With midterm election results fresh in their minds, students, professors and community members met on Wednesday for a book discussion about Margaret Atwood’s groundbreaking classic, The Handmaid’s Tale.

Atwood’s novel is about a dystopian universe in which fertile women are forced into slavery to carry children for powerful aristocratic characters. It was first published in 1985.

Hulu turned Atwood’s book into a television series by the same name in 2017. The third season of The Handmaid’s Tale will premiere in 2019.

The book discussion, called “May the Book Open: Lessons from the Republic of Gilead,” was coordinated and sponsored by the UMKC Women’s Center and held in Miller Nichols Library.

Conversation topics alternated as readers shared their individual experiences and interpretations of the novel. Some remembered reading the book for the first time as teenagers, while others became fans of the story as adults.

“Even between different classes, there is still a general cruelty toward women [in the novel],” said Scott Curtis, a UMKC librarian who led the discussion.

Not all guests were literary scholars, which allowed for a wide variety of opinion. Others had never read Atwood’s book but were fans of the Hulu series.

Readers expressed the most interest in whether or not the novel’s vague ending was satisfying enough for them. Hannah Hagan, an English major, prefers Atwood’s ending to the television show’s.

“[Atwood] was smart to leave that to the reader’s’ imagination,” she said.

“You’re left wondering how we got here,” said a third attendee, a political scientist, of the story’s totalitarian political climate.

Still, others wished that Atwood’s protagonist, Offred, were more disobedient, like Suzanne Collins’ modern-day fictional heroine, Katniss. Older fans of the novel pointed out that Atwood’s book likely influenced later writers’ female protagonists.

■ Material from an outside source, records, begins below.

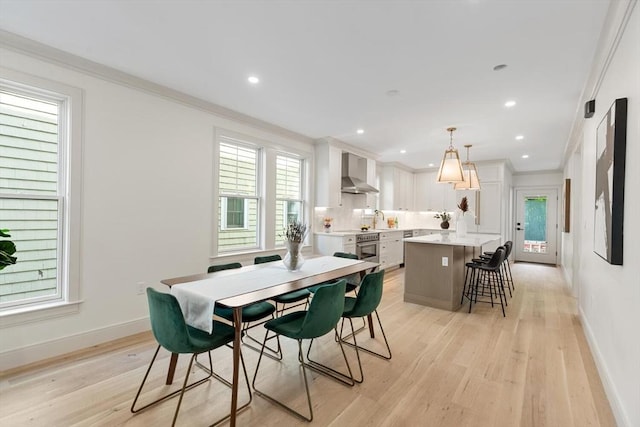8 Holly Ave Unit 1, Cambridge, MA 02138 - dining area featuring ornamental molding, light wood-style flooring, baseboards, and recessed lighting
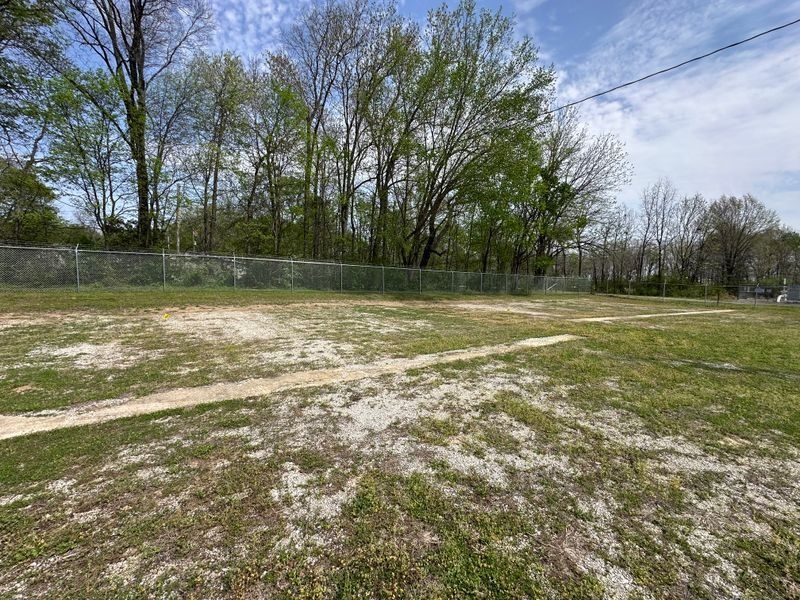 Open grassy field with patchy dirt, chain-link fence, and trees under a partly cloudy sky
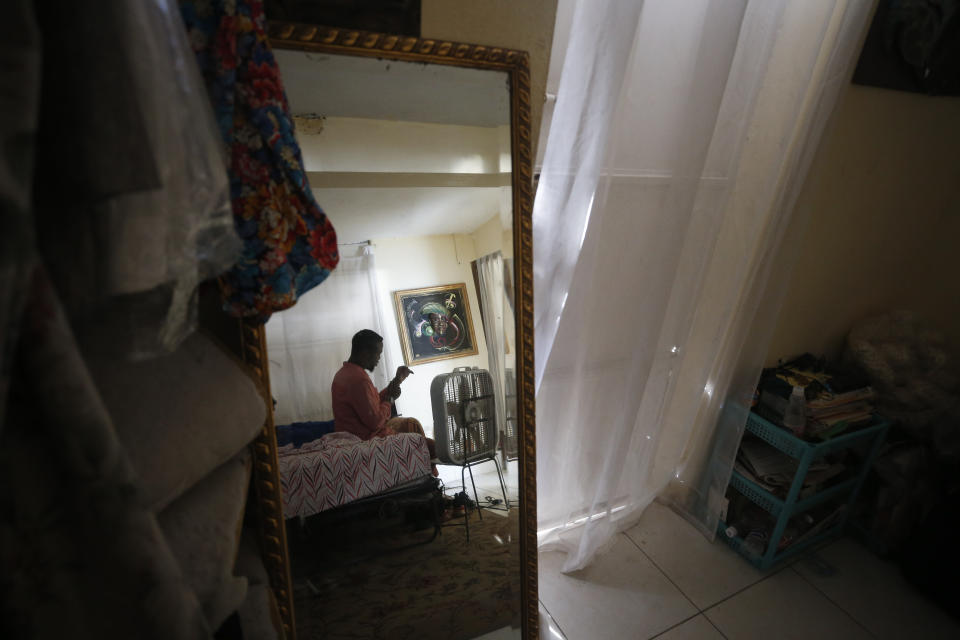 Entrepreneur and youth leader Pascéus Juvensky St. Fleur, 26, prepares for an interview with the AP inside his family's home in the Delmas neighborhood of Port-au-Prince, Haiti, Tuesday, Oct. 8, 2019. St. Fleur says the protests are not only about replacing a president, but changing a system. "It's not one person, it's not one regime, it's not a president, it's not the opposition, it's not the bourgeoisie, but it's us who should do it," he said. "We dream of, and we want, a better Haiti."(AP Photo/Rebecca Blackwell)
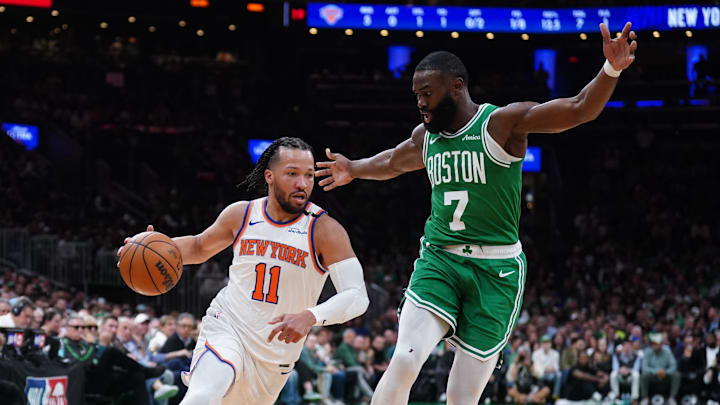 Jalen Brunson drives on Jaylen Brown during the Eastern Conference semifinals.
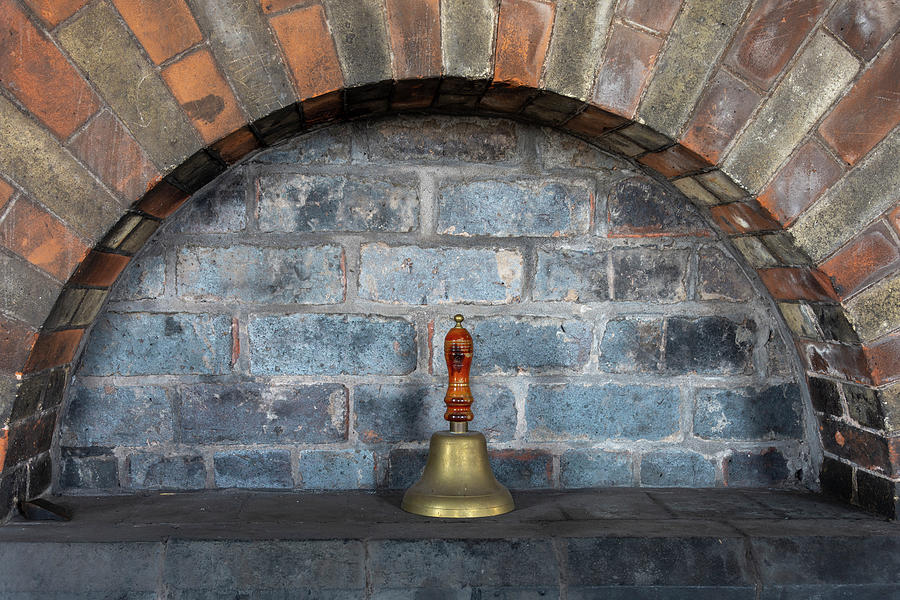 Bell in an engineering brick alcove Photograph by Steev Stamford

The conversation ended with discourse about women’s autonomy, the characters’ evolution and Atwood herself, who has spoken publicly about her original intentions with the novel.

“Is The Handmaid’s Tale a prediction? …Let’s say it’s an antiprediction,” Atwood said in a New York Times interview in 2017. “If this future can be described in detail, maybe it won’t happen. But such wishful thinking can’t be depended on either.”